*What you need to do:* From the line containing "Model wearing a" to the last line of the data, both included, transcribe each line exactly, leaving out pictures and adding nothing.
■ ■ ■ ■ ■ ■ ■
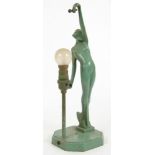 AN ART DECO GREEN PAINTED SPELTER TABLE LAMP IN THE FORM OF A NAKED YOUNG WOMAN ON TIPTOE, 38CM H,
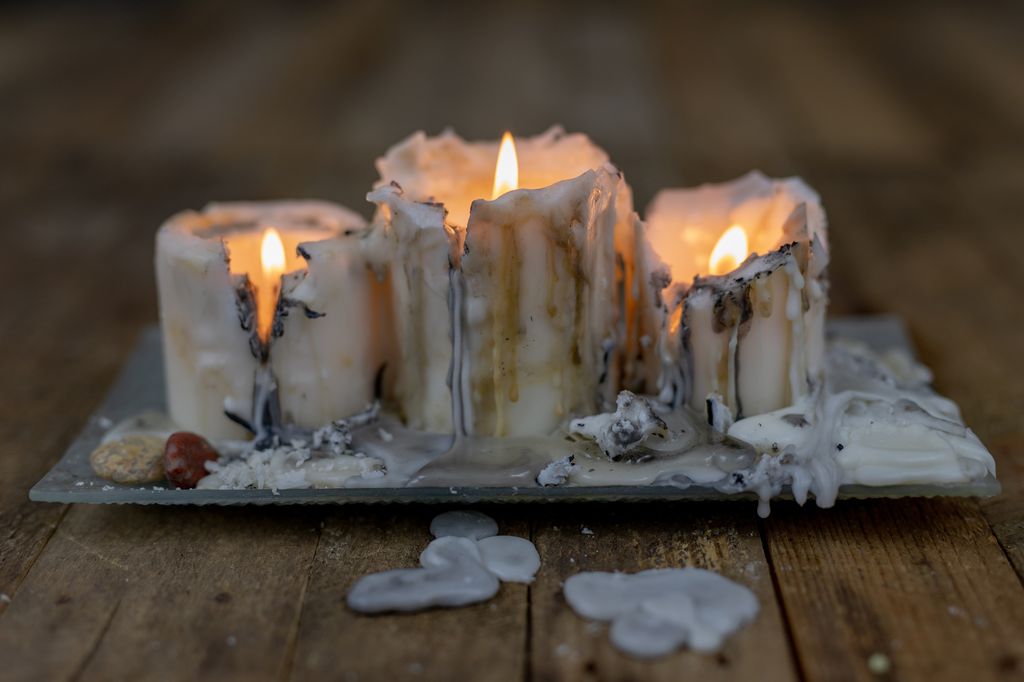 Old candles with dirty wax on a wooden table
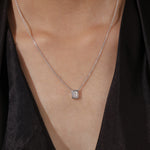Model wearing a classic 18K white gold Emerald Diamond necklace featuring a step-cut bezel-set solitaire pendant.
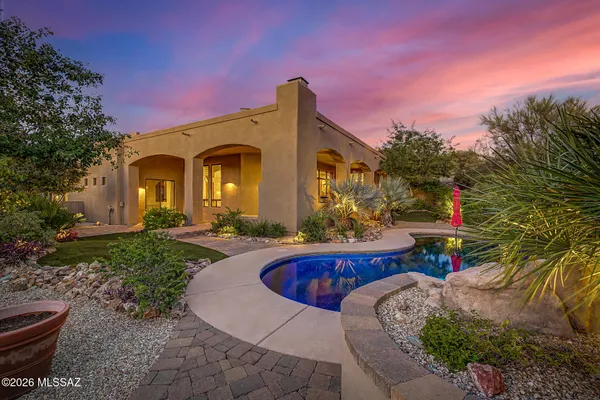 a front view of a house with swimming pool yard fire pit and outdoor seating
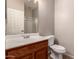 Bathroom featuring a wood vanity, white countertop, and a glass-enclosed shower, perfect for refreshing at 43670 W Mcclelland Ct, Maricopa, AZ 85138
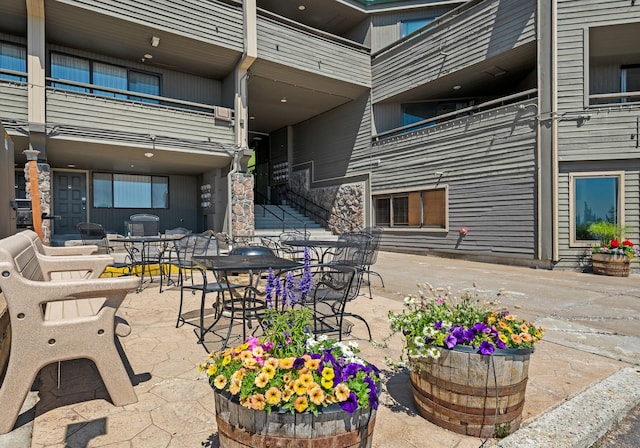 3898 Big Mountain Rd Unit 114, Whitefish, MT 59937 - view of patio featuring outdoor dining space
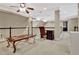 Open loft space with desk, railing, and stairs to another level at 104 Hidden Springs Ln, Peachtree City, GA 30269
■ ■ ■ ■ ■ ■ ■
*Completed exercise:*
Model wearing a classic 18K white gold Emerald Diamond necklace featuring a step-cut bezel-set solitaire pendant.
 a front view of a house with swimming pool yard fire pit and outdoor seating
 Bathroom featuring a wood vanity, white countertop, and a glass-enclosed shower, perfect for refreshing at 43670 W Mcclelland Ct, Maricopa, AZ 85138
 3898 Big Mountain Rd Unit 114, Whitefish, MT 59937 - view of patio featuring outdoor dining space
 Open loft space with desk, railing, and stairs to another level at 104 Hidden Springs Ln, Peachtree City, GA 30269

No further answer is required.